Thursday, October 23, 2008

Assurance

Lately I've been going on long runs with one of my classmates and during our jogs we like to talk theology. Last night we ran 10.5 miles, making a loop and going from the middle of Loma Linda to downtown Redlands. I've really enjoyed our conversations. We've talked about a wide variety of things, from the problems of liberalism creeping into the Church to the debate between Arminians and Calvinists. My running buddy, by the way, is a hardcore Calvinist. But yesterday one thing that came up was assurance of salvation. We talked about how we had both struggled with it at times and I admitted that on bad days a frequent prayer of mine is still, "Lord, save me." I don't think that there is anything wrong with that prayer depending on what assumptions are going into it. But assurance is something I've thought a lot about and what I said was that what assures me the most of my salvation, aside from the plain testimony of Scripture, "If we confess our sins, he is faithful and just to forgive us our sins and to cleanse us from all unrighteousness," is the experience of God calling me back to Himself even as I have tried to run away. When I look back on my life, both before and after I asked Christ to save me from my sins, I see such providence from God in people, in books and especially in some of the hardest things I've experienced that have caused me to cry out to Him. God has changed me and freed me from sins that once bound me but the more compelling evidence to me is that during those times when I was farthest from God in my thoughts and actions, I can look and see that He was actively reminding me of His existence and His goodness.

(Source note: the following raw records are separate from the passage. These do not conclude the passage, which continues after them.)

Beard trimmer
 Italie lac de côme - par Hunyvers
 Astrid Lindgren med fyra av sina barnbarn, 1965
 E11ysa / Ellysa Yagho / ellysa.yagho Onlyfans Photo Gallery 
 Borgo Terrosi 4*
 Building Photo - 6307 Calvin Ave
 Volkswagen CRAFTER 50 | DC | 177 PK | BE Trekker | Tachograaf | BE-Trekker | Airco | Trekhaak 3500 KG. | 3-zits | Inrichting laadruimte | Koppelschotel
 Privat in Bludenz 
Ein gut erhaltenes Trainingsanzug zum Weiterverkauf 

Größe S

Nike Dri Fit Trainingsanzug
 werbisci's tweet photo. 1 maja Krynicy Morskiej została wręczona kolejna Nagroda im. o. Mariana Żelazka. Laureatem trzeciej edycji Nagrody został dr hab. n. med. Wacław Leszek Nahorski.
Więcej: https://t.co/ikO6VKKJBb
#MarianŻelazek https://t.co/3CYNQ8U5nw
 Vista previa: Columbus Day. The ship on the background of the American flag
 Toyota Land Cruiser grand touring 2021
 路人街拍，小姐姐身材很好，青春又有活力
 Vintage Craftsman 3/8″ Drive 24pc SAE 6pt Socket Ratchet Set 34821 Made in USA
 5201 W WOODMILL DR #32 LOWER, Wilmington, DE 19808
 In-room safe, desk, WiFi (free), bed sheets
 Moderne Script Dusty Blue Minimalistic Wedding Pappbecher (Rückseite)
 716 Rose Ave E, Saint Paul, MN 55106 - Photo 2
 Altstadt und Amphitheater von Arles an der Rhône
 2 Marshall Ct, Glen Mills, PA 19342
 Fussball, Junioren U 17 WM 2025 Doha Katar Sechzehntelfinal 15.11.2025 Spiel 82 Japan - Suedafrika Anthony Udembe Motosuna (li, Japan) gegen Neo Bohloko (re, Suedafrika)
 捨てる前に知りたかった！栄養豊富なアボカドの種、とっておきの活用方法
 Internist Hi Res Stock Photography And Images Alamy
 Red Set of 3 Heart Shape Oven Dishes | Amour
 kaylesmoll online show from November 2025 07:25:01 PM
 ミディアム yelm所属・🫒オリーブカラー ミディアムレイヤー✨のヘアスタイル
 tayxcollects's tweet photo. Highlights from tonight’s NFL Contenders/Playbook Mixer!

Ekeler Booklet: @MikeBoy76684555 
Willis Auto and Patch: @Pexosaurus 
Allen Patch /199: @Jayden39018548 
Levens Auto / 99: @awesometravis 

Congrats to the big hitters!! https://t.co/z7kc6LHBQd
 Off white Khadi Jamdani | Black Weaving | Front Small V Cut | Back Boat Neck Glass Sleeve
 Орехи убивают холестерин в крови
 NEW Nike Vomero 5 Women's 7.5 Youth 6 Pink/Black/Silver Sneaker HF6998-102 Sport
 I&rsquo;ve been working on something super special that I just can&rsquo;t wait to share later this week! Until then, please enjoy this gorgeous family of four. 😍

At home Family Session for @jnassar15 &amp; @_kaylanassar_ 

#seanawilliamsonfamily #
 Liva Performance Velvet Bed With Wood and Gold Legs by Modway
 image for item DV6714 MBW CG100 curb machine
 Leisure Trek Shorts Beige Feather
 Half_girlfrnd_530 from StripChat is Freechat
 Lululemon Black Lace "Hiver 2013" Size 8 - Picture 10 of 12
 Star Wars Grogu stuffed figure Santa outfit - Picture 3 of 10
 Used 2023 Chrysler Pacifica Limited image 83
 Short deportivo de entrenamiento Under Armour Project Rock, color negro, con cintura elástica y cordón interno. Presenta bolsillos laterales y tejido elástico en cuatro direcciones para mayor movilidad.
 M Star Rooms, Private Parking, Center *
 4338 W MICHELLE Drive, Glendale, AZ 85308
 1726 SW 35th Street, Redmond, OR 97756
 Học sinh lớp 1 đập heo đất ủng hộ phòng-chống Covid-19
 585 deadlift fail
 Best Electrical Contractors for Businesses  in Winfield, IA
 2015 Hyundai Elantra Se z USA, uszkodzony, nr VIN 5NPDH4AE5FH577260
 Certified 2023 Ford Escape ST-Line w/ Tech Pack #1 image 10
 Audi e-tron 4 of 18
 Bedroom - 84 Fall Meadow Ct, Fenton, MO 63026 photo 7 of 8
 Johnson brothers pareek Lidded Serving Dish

Another thing we talked about though was the propensity of many Evangelical pastors only to try to give assurance of salvation, that is, the tendency to downplay any parishioner's fears that perhaps they are not in Christ. We both agreed that this is wrong. It isn't bad to wrestle with whether or not you are saved. Many who have gone forward at one time and prayed the "Sinner's Prayer" have perhaps not really given over their lives to Christ. Many have not realized the gravity of their own sin and what Jesus is actually saving them from. For these people it isn't a bad thing to wrestle with whether or not they are saved because by the grace of God and the action of the Holy Spirit they will be made aware of the true nature of their sin and the true nature of Christ's death on the cross. Even if they are already saved this can only have a good effect on their faith. Of course there are individual believers who struggle inordinately with the fear that they are not saved and these people most likely do need reassuring words from their pastor. But in the American Church I believe that the opposite is what is usually true, that too much assurance is given, not allowing people to work out their salvation, "with fear and trembling," and come to a deeper understanding of the cross or a saving faith in Jesus Christ for the first time.

1 comment:

David Goran said...

Matt, that was a great post and I really resonate with both your points. Thinking back, and even sometimes in the present, it is the fact of God's presence in my life, especially when I am turning away from him, that assures me He loves me despite myself, enough to save me in all the ways that he does. I also have wondered about a both/and approach to fear and grace with parishioners. How do we communicate healthy fear and goodness in a way accurate to faith. Sounds like I would love to join you on your 10.5 miles runs, if I could go that far without pooping out. I am just wonder how you guys manage to talk after mile 2. I am out of breath in no time. Hope your doing well in California. Grace Brother.